Written by Jennifer Roy
Illustrated by Meg Owenson
Capstone Press          8/01/2015
978-1-62370-425-4
32 pages         Age 9—12

“Amid the horrors of World War II, Polish social worker Irena Sendler worked in the Warsaw Ghetto for Jews. When the Nazis began shipping Jews out of the ghetto in cattle cars, Irena started smuggling out babies and children to give them a chance to live. She hid babies in places like laundry piles, a carpenter’s toolbox, or a potato sack, and she helped older children escape through underground sewer tunnels. After the children were out of the ghetto, Irena found safe places for them with foster families or in convents. Irena kept records of the children she helped smuggle away and when she feared her work might be discovered, she buried her lists in jars, hoping to someday reunite the children with their parents.” [publisher]

Review
Irena Sendler is one of the unsung heroes of World War II. She is not in history books and few know about her work. Jars of Hope begins with Irena as a young child, hearing words from her father that would stay with her forever. She asked her father,

“Are some people really better than others?”

Irena’s father replied,

“There are two kinds of people in this world, good and bad.
It doesn’t matter if they are rich or poor, what religion or race.
What matters is if they are good or bad.”

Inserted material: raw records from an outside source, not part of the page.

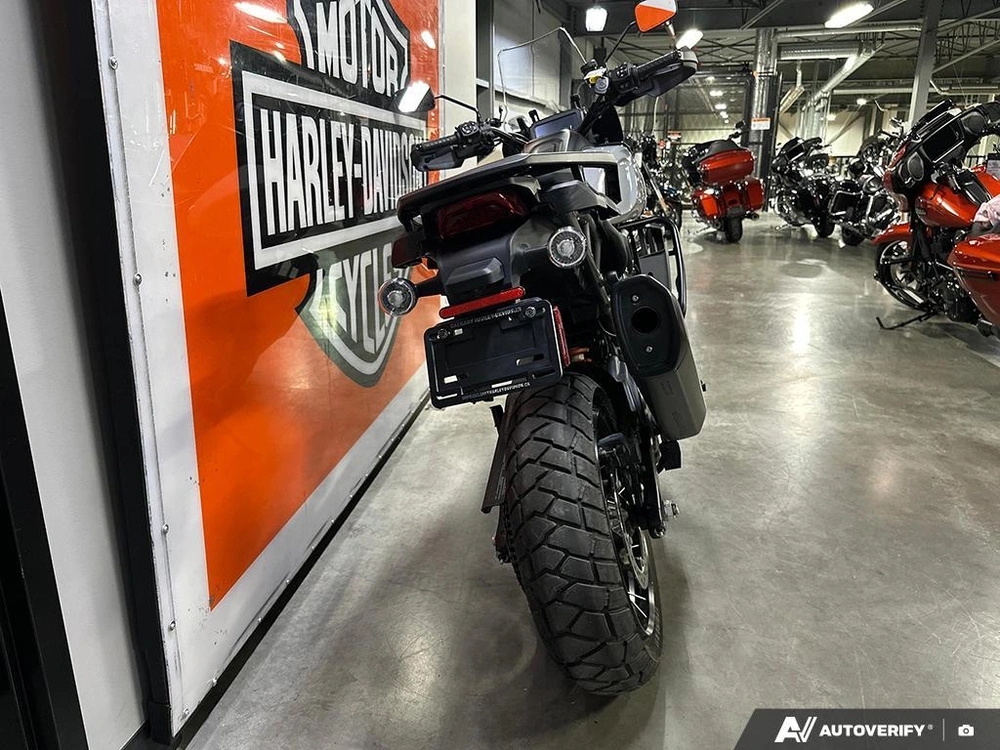 2025 Harley-davidson Ra1250s - Pan America® 1250 Special alt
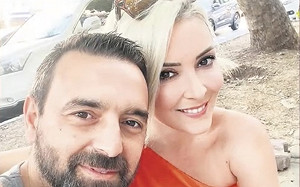 （影）樂極生悲！土耳其男選在懸崖邊求婚 女方剛答應就失足墜崖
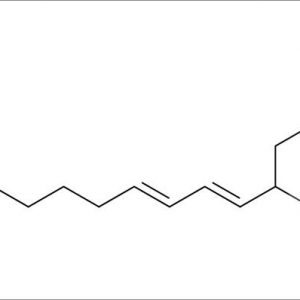 trans,trans-3-Hydroxydodeca-4,6-dienoic acid, min.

In World War II, the Jews were not the bad guys and Irena decided to help those that were suffering the most . . . children. With the help of some trusted friends, the group smuggled 2500 children out of the Warsaw Ghetto. One good example was Antoni, who was allowed to drive his truck in an out of the ghetto. Together, he and Irena smuggled babies out in the back of the truck. Many cried. Antoni had a unique solution: Shepsi. Shepsi, Antoni’s talented sidekick, rode along in the front seat of the truck. With one touch of his paw by Antoni, Shepsi began barking, drowning out the baby’s cries. Eventually Irena joined Zegota, a secret group of Polish adults who helped the Jews with aid and rescue. Zegota helped Irena place children in foster homes and convents, but that association also got her arrested.

9781623704254_spd

The illustrations are emotional and stark, a reflection of the time, and yet beautiful. The images immerse readers into the 1940s and the realities of Irena’s work. I especially like the image of children climbing out of the sewer with only a flashlight shining down upon them as a guide. The young girl hoisting herself up onto the ground struck home, making the era come alive for me. The author includes an Afterword adding more about Irena’s life, a glossary, and an Author’s Note explaining why she wrote Jars of Hope.
What Irena Sendler went through to save so many others is beyond heroic. She put her life in danger every day, but thought nothing of it because others needed her help. Such a selfless spirit is rare. Irena dangerously kept a list of the children she rescued, believing every child deserves to know their real name—many received new, Catholic names upon rescue—and she wanted to reunite as many families as possible. The lists went into jars, and buried for safety.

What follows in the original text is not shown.